I honestly don't believe that a blacklist exists, or that it would make sense to have one. For one, if such a list were to exist, I suspect that it could be illegal, and secrets of this magnitude are hard to keep. Sooner or later, one of Apple's employees or contractors would spill the beans, with obvious inconvenient image and legal problems for Apple. Second, there is no need for a blacklist to explain the inconsistencies in wait time: incompetence is all that is necessary to explain that.
Whenever you have the choice between a conspiracy and a stuff-up, 99.99% of the time, it's a stuff-up. (Stuff-ups are much easier to create than conspiracies…)
I committed the most unthinkable heinous crime against Apple ... linking to the Amazon (physical) book store in my iBook [Thou shalt have no other gods before me]. You know what that means. One reader will find out about the existence about Amazon and if that knowledge will spread ... o my god.
I don't l like it either. But Apple are well within their rights to enforce this. After all, a car dealer who sells Ford cars would hardly be expected to include a reference to General Motors models in his brochures either… And, to be fair, the iTunes Producer Guide quite explicitly states that links to competitors are not acceptable, so you knew what you were getting into up front.

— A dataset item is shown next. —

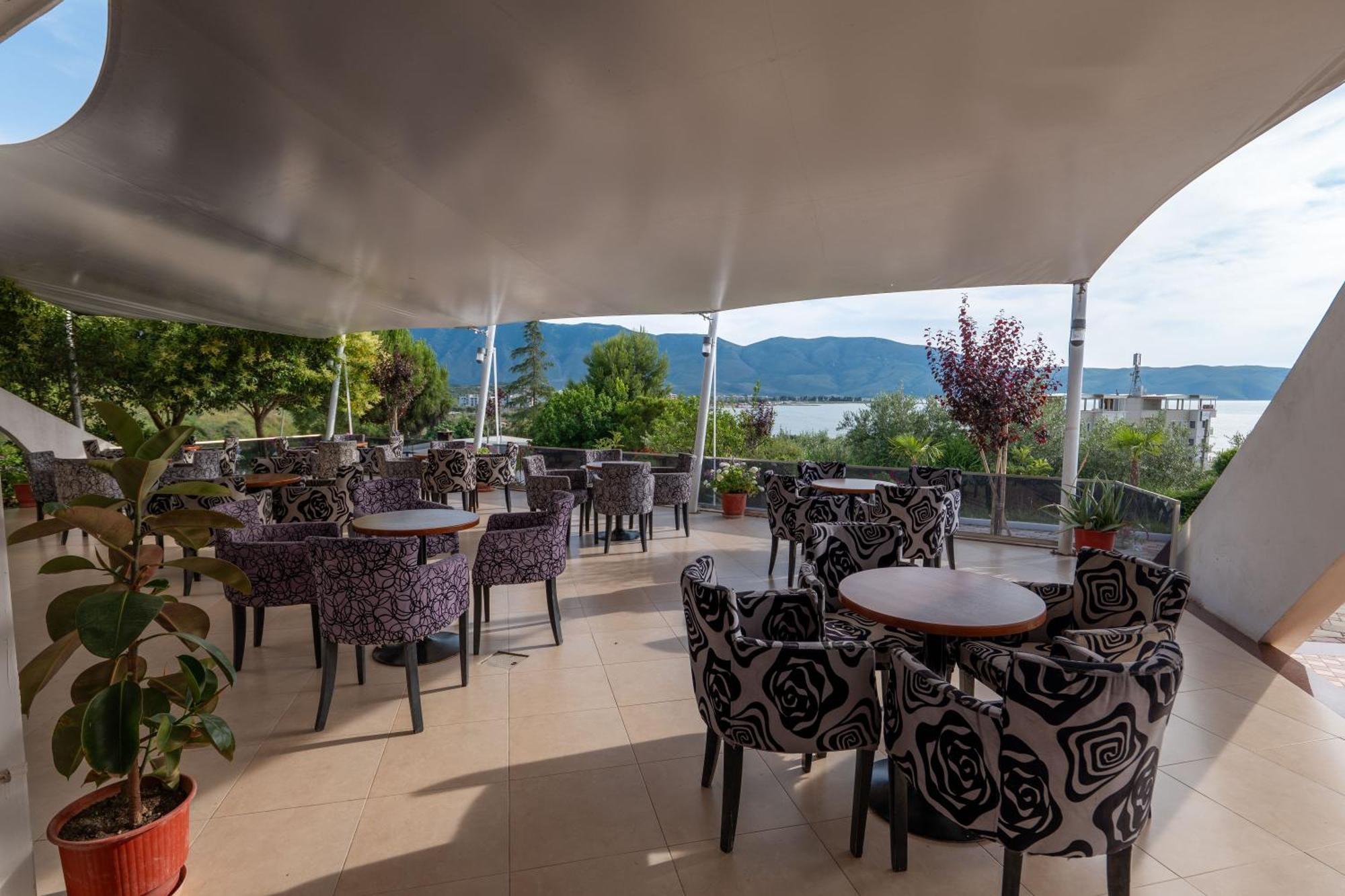 Edva Resort Radhimë エクステリア 写真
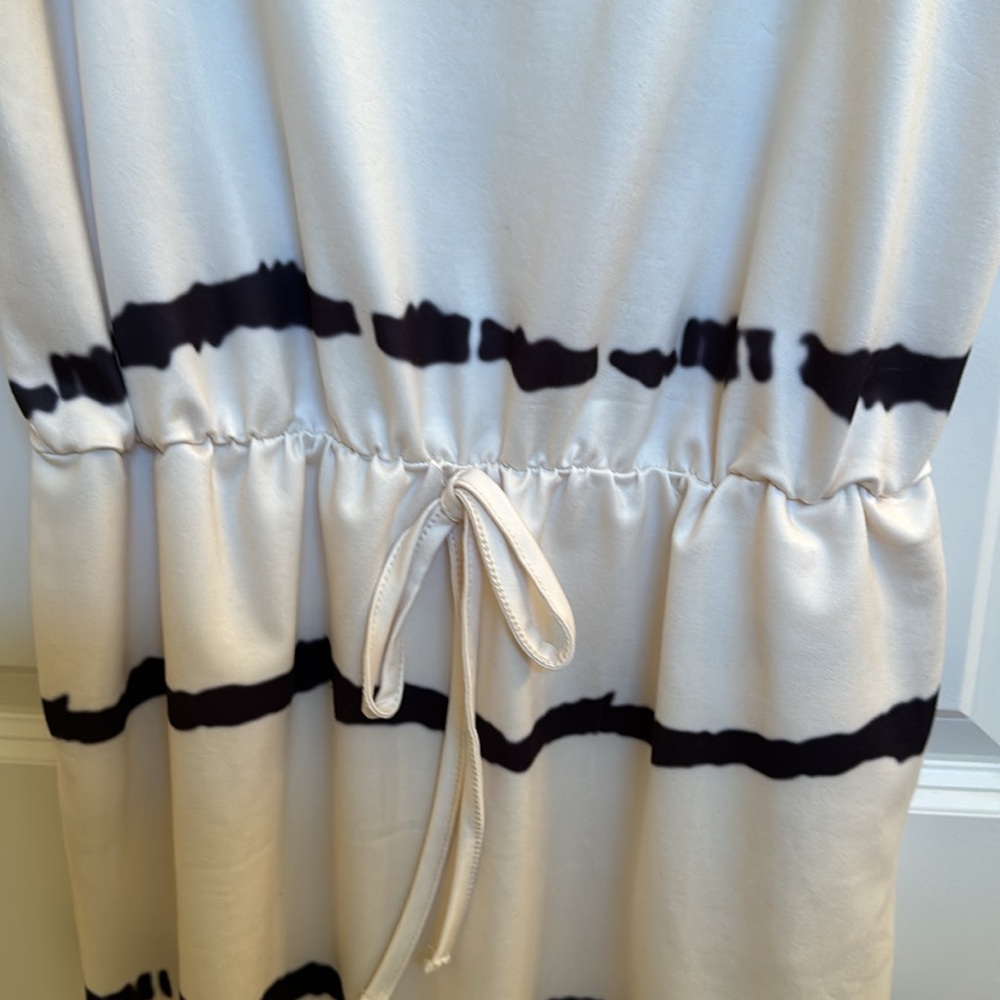 Cream and black dress/swimcover - Picture 2 of 4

Whether the iTunes Producer Guide is a binding part of the contract is questionable, because it is not mentioned in the contract, and the Producer Guide can change without consent of the publishers. We simply will not know whether this would hold up legally until someone challenges it in the courts. Even then, my guess is that the Publisher Guide is perfectly OK as long as it doesn't run afoul of antidiscrimination or antitrust legislation. Refusing to publish a book with a link to a competing business is not discrimination. In addition, you can bet your bottom dollar that Apple's lawyers are very, very good and would have vetted all the conditions.
So you better sell your Apple stocks now, because this could mean the end of Apple as we know it.
I very much doubt that will happen
I've been quite outspoken here in this forum about the problems with Apple's process. Despite this, I have not earned a spot on any hypothetical blacklist, evidenced by the publication of my book two days ago, after a five-week wait. Far too long for my taste, but better than not getting published at all.
Michi.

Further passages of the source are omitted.